On Sunday, a heightened appreciation for all amplified music is in evidence in the now-seated crowds, as when DJ Hairy Krishna plays African reggae in the Ronda before John Dwyer’s Bent Arcana come on. With TV On The Radio’s Kyp Malone on modular synth, the group’s vortex of improv-fusion with krautrock leanings makes it an excellent entree to Jean-Hervé Péron’s faUSt playing his former group’s 1973 album Faust IV. Rearranged and played out of order, the performance is as joyous and strange as the original band, to whom Péron offers fulsome tribute from the stage.

Faust
Faust's Jean-Herve Peron at the Ronda. ©Jelmer de Haas

Yet the clock of doom is ticking.

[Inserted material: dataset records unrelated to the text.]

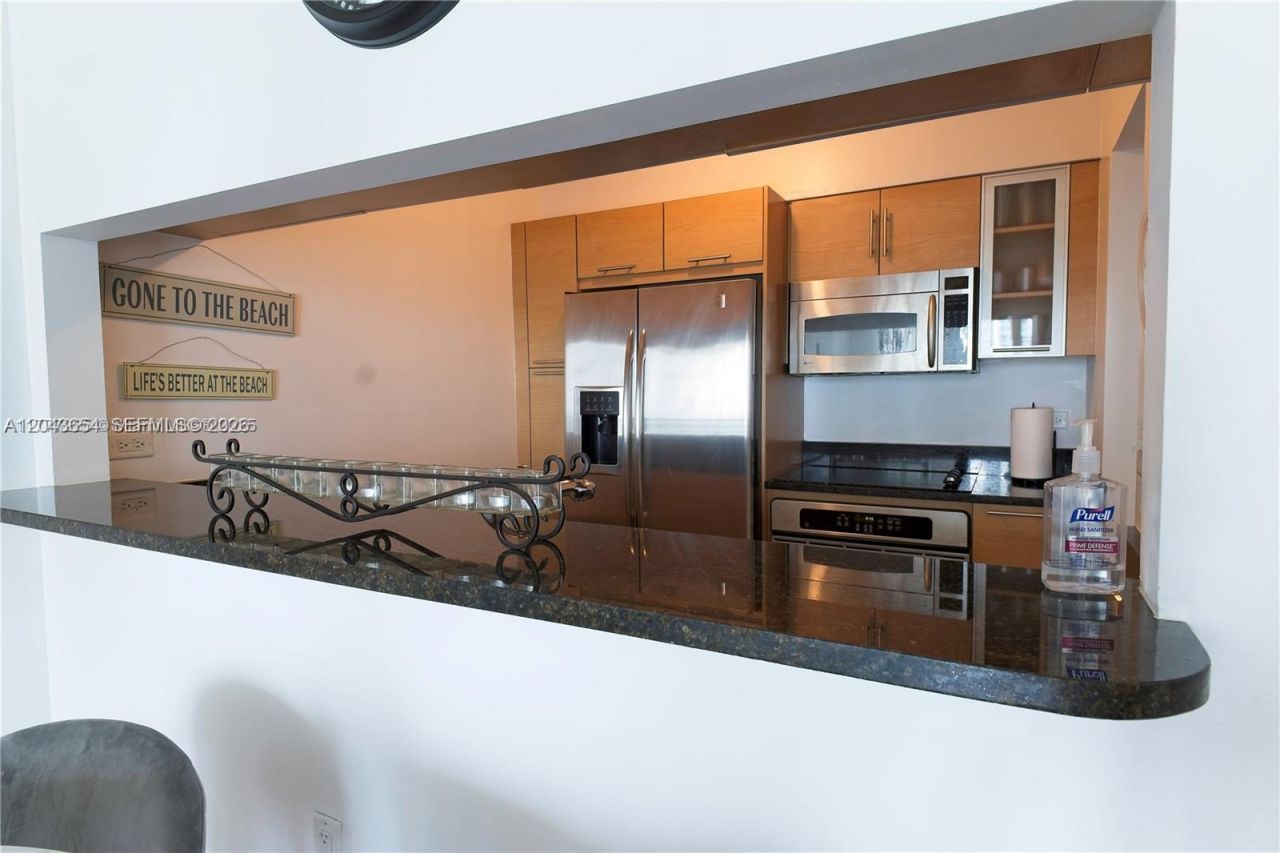 31 SE 5th, Unit 1203, Miami, FL 33131 Photo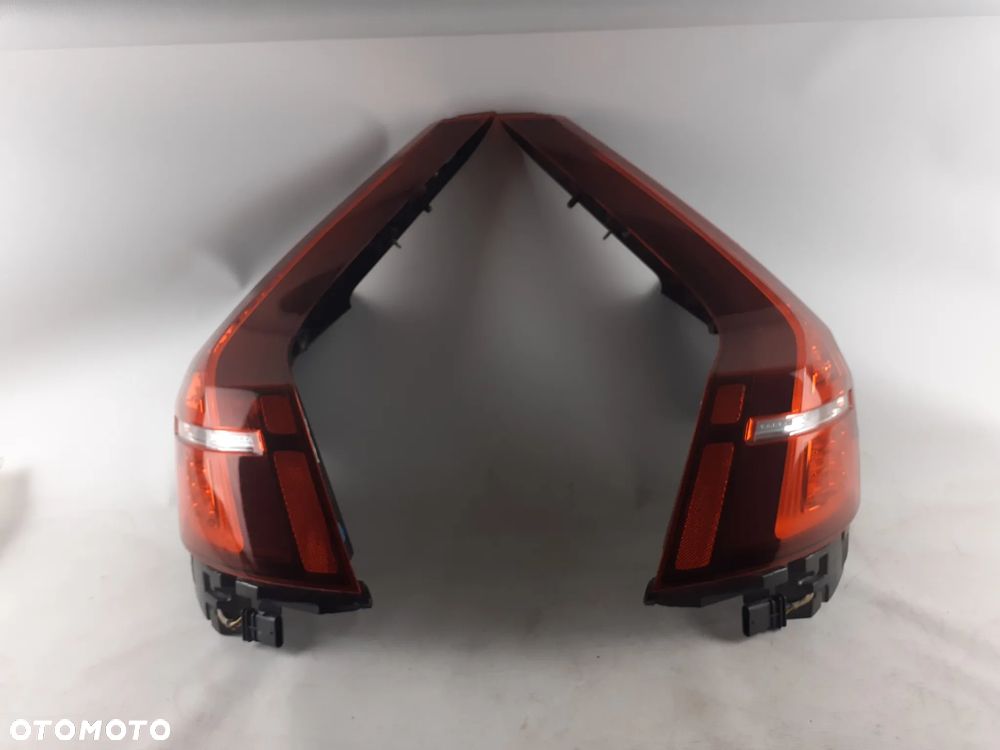 Lampy tylne P+L Volvo V60 II 18-22r. Eur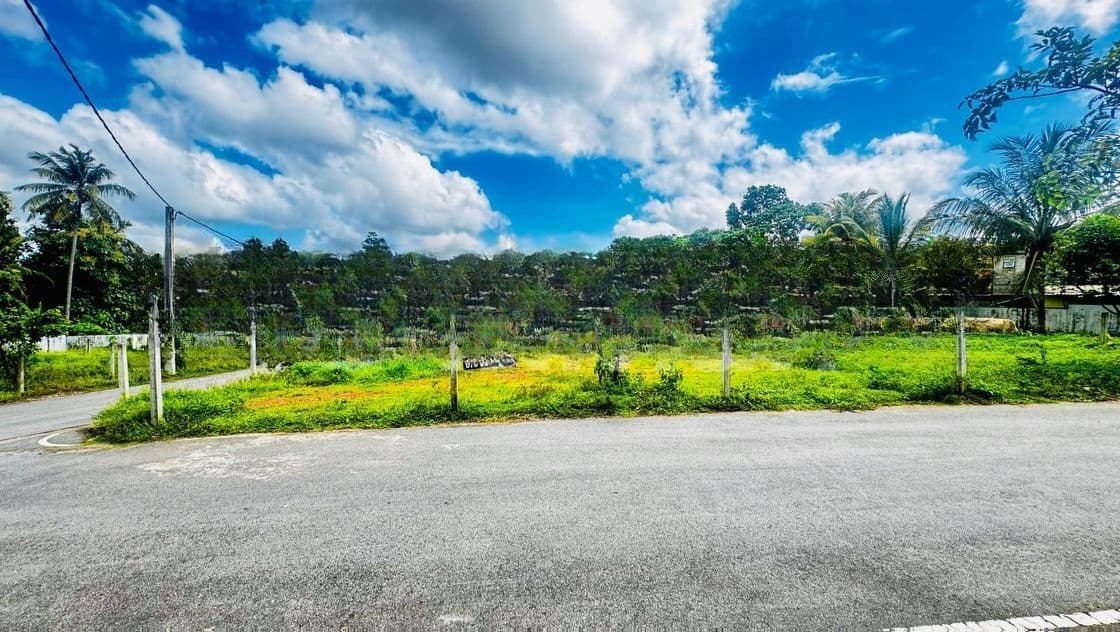 Kadawatha Valuable Land for Sale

Down in the Grote Zaal, rediscovered neo-soul voice Eddie Chacon (he had a hit in 1992 with Charles and Eddie’s Would I Lie To You) and keyboardist/ producer John Carroll Kirby are joined by two woodwind players to play songs from the cathartic 2020 LP Pleasure, Joy And Happiness, and it’s electric. After some last blasts of jazz energy from LGW? faves Sons Of Kemet, we finish up at the Pandora with veteran Belgian cults Aksak Maboul, whose Pulp-like art rock is accompanied by singer Veronique’s live drawings projected onto a screen.

Eddie Chacon
Eddie Chacon ©Ben Houdijk

The fun’s over by nine, but as we file out into the night it’s hard not to conclude that after so long starved of music in such diverse and open-minded profusion, the return of Le Guess Who? was still a massive success, and more special because of the unique conditions. The wish to get back to long, unrestricted nights of concert-going is understandable, but for now, think yourself accursed you were not here. 2021 took on Le Guess Who?, and Le Guess Who? won.